Seine Möglichkeiten sind enorm: Wenn er ruft, schickt noch immer fast jede Redaktion einen Vertreter, eine Vertreterin. Auf Facebook hat er 980.786 Follower. Zum Vergleich: Es gibt in Österreich nur eine Zeitung, die mehr Leserinnen und Leser hat (die „Krone“ mit 1,7 Millionen – und sie ist ihm wohlgesonnen).

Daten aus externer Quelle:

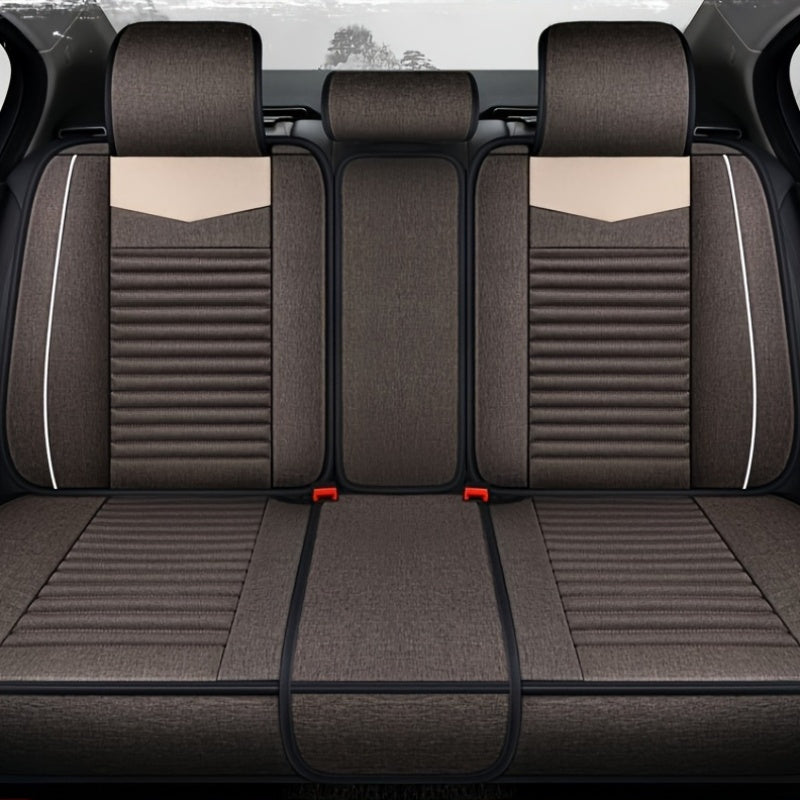 Universal Fit Car Seat Cover Set All-Season Fabric Full Coverage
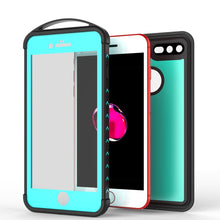 Cargar imagen en el visor de la galería, iPhone 8+ Plus Waterproof Case, Punkcase ALPINE Series, Teal | Heavy Duty Armor Cover (Color in image: black)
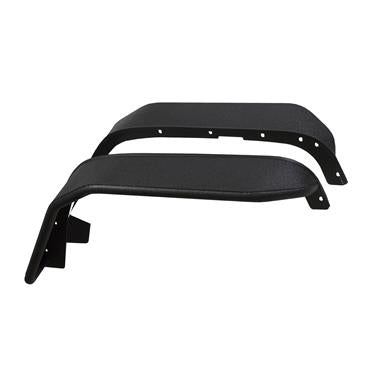 TrailFX Flat Fender Flare for 2007-2018 Jeep Wrangler JK (Front and Rear) J052FF-J052RF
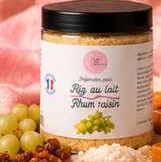 Préparation à riz au lait · Rhum raisin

Nun wird Sebastian Kurz natürlich wissen, dass er über die öffentliche Meinung keinen Druck auf die WKStA ausüben kann, wie er es in der Politik bei „Freunden“ und Mitbewerbern anstellen konnte. Sie wird eher „nur“ extrem sorgfältig bleiben. Kurz geht es also um etwas anderes: um seinen Ruf. Er möchte erreichen, dass, was auch immer kommt, eine Mehrheit davon überzeugt ist, dass er sich nichts zu Schulden kommen lassen hat. Er sorgt schon vor, auch für die Zeit danach.

ÖVP-Chef wird er kaum noch einmal werden können. Mit der Politik abgeschlossen hat er jedoch nicht, wie er jüngst mit seinem Buch und der Werbung in Form von unzähligen Interviews dazu bewiesen hat. Ein ernstzunehmender Faktor bleibt er im Übrigen trotz allem: Parteien, darunter vor allem die türkise bzw. (in den meisten Bundesländern) schwarze bzw. (in NÖ) blau-gelbe, befinden sich in einer Krise. Auch Institutionen wie das Parlament, das Kurz ohnehin geringschätzt („nicht meins“), haben ein Vertrauensdefizit. Er dagegen hat noch immer sein Talent, Wahrnehmungen zu beeinflussen und für nicht wenige überzeugend zu wirken. Laut Ö1-Morgenjournal tat er das nach Einschätzung anwesender Journalisten etwa auch beim Hintergrund-Gespräch, in dem es ihm darum ging, Schmid zu widerlegen. Das sagt was.